■ **Given data**:
────────────────

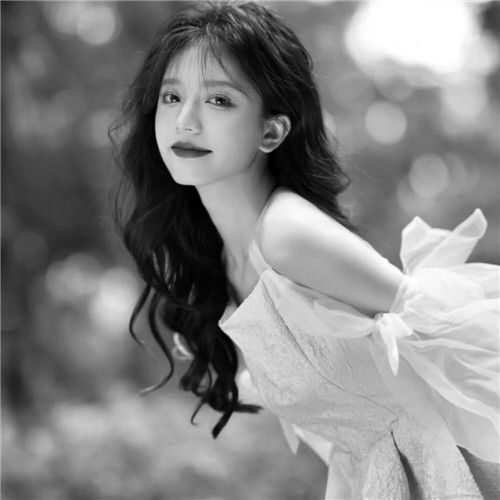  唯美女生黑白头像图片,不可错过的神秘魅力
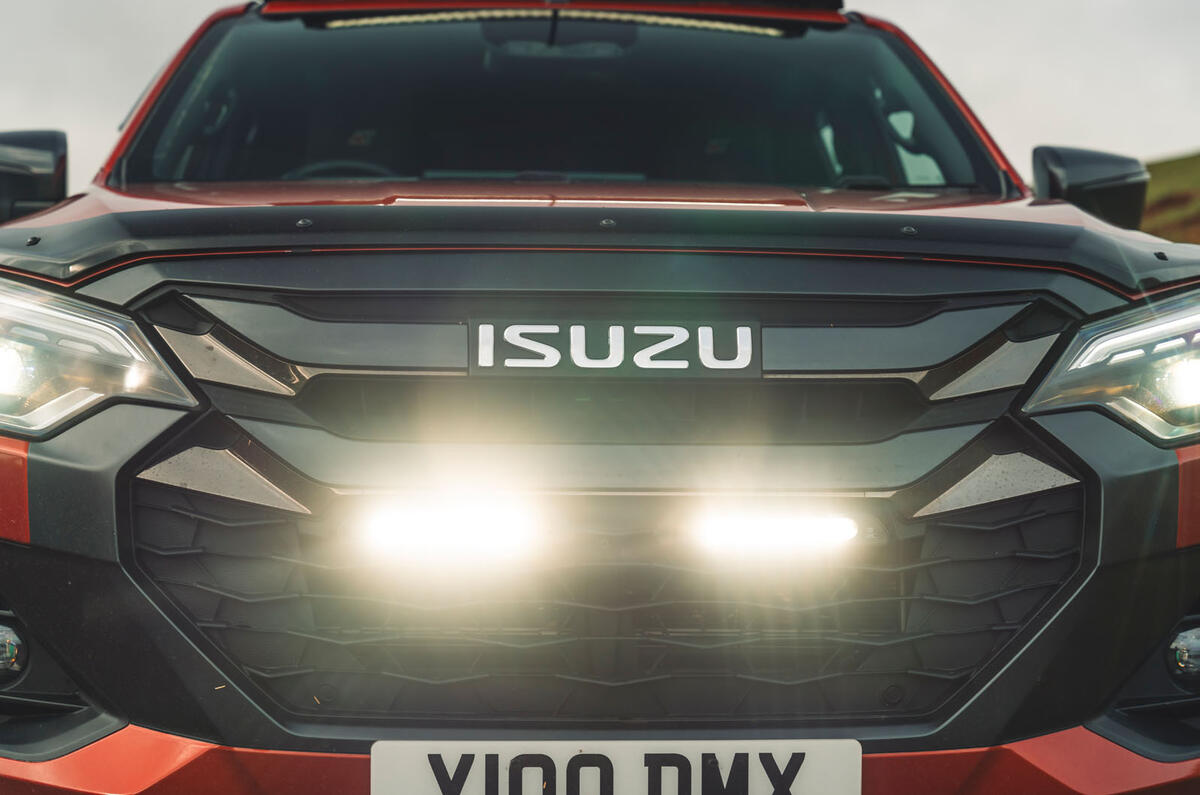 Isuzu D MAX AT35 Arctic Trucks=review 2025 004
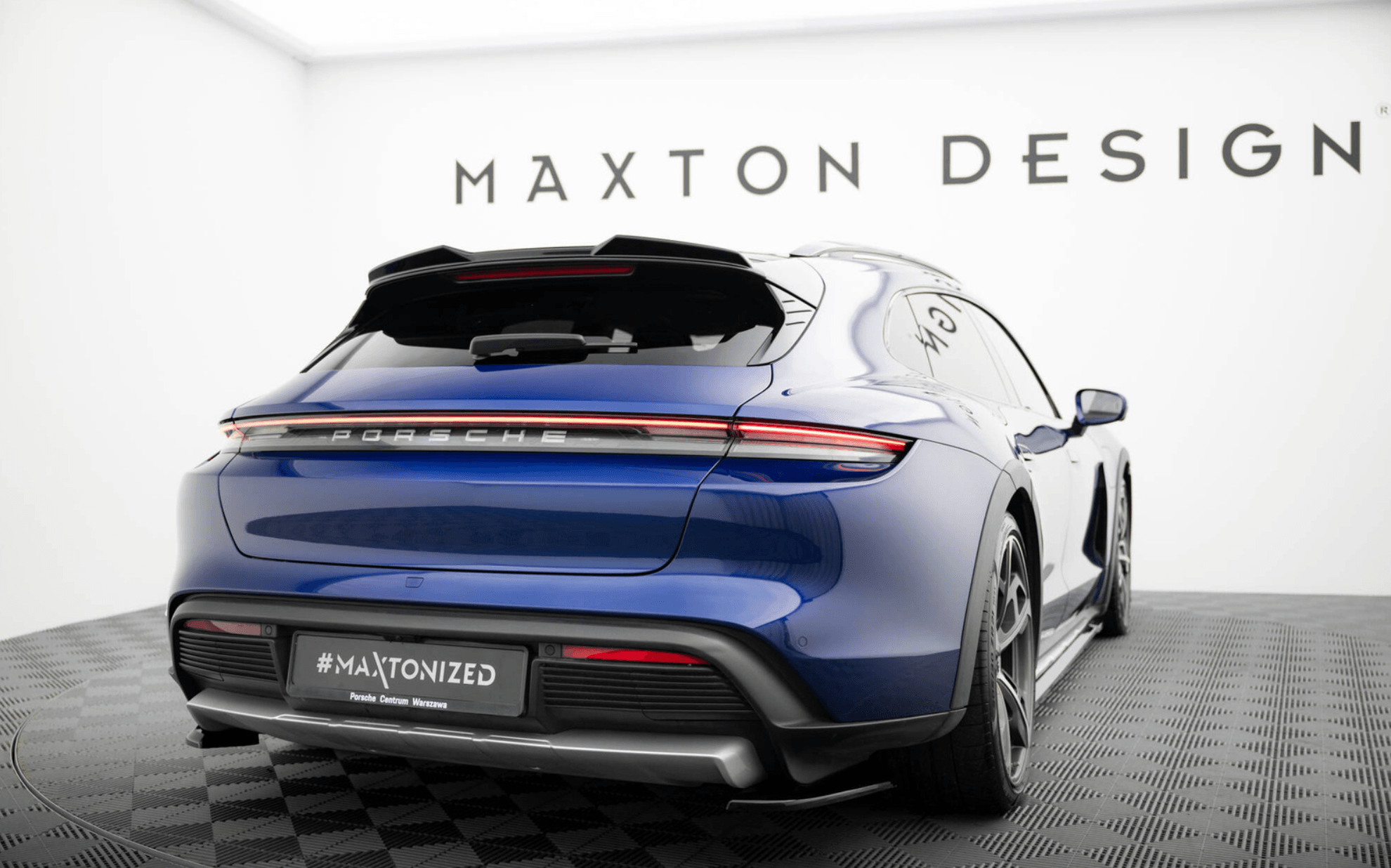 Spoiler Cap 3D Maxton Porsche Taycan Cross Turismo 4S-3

────────────────

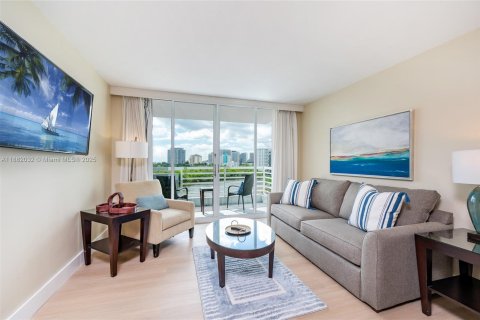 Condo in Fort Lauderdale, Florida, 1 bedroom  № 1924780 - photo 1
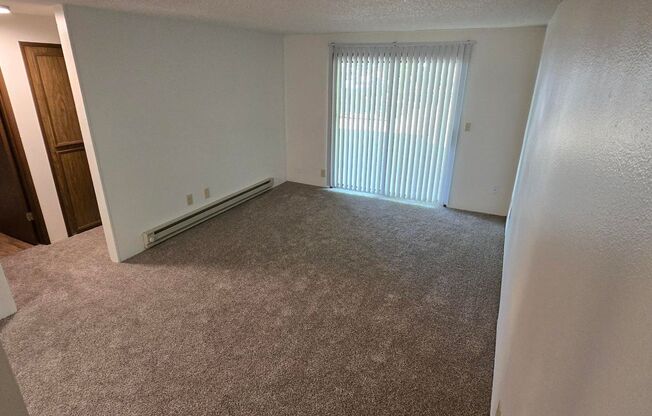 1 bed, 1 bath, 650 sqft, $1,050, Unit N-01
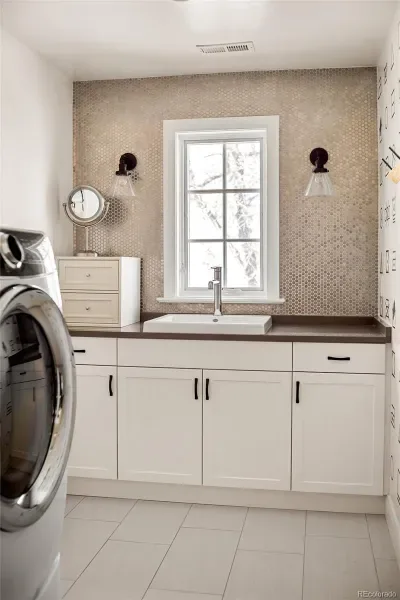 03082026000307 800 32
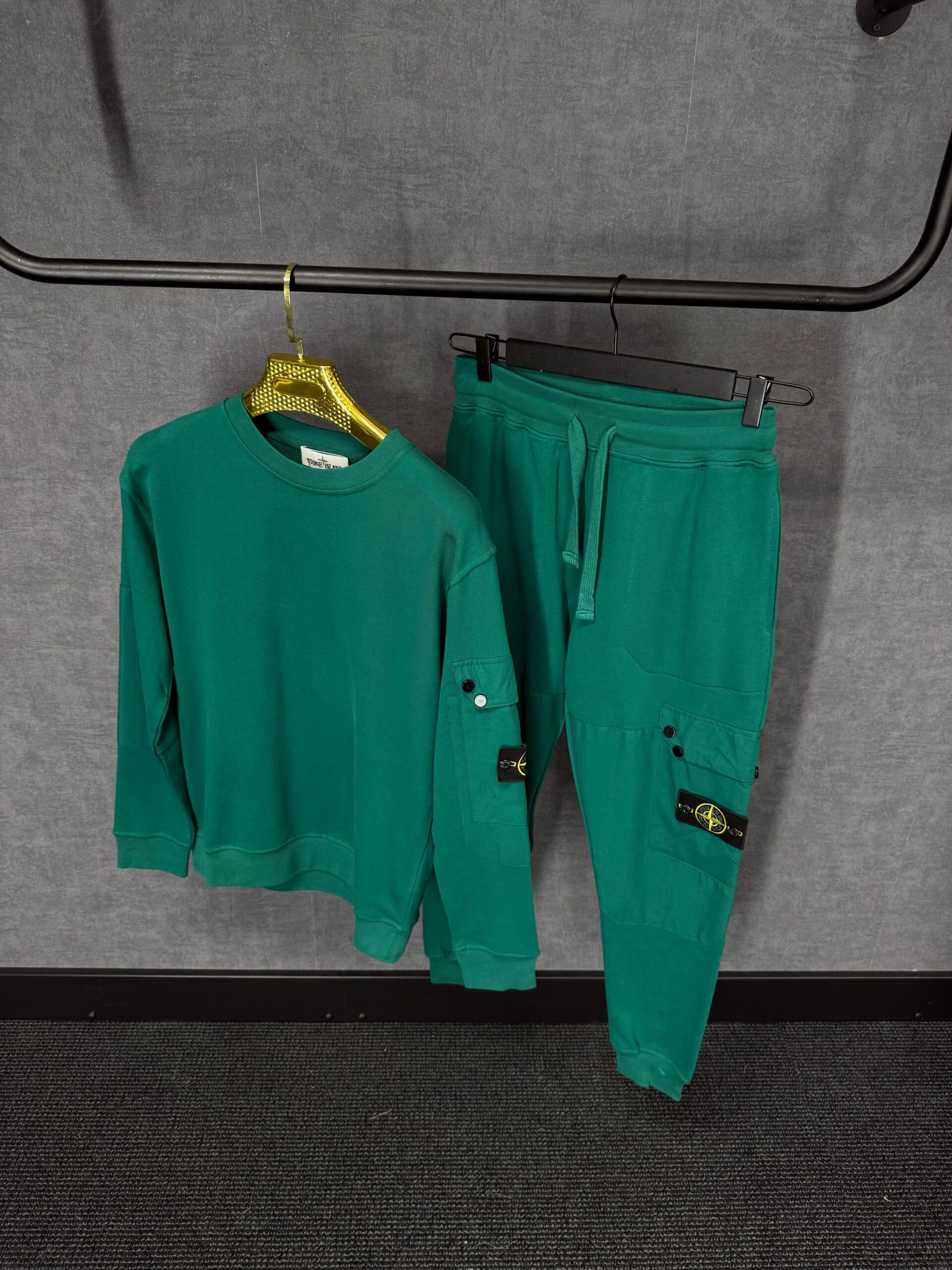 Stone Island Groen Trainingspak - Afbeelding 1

────────────────

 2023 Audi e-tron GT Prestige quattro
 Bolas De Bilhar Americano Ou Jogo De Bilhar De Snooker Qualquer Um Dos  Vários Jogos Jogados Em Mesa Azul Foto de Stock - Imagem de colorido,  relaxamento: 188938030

────────────────

■ **Problem to solve**: What to print is the stretch of entries from the line with "Isuzu D MAX" up to and including the line with "Spoiler Cap 3D". Please print it exactly and leave out the pictures.

■ **Task response**:
 Isuzu D MAX AT35 Arctic Trucks=review 2025 004
 Spoiler Cap 3D Maxton Porsche Taycan Cross Turismo 4S-3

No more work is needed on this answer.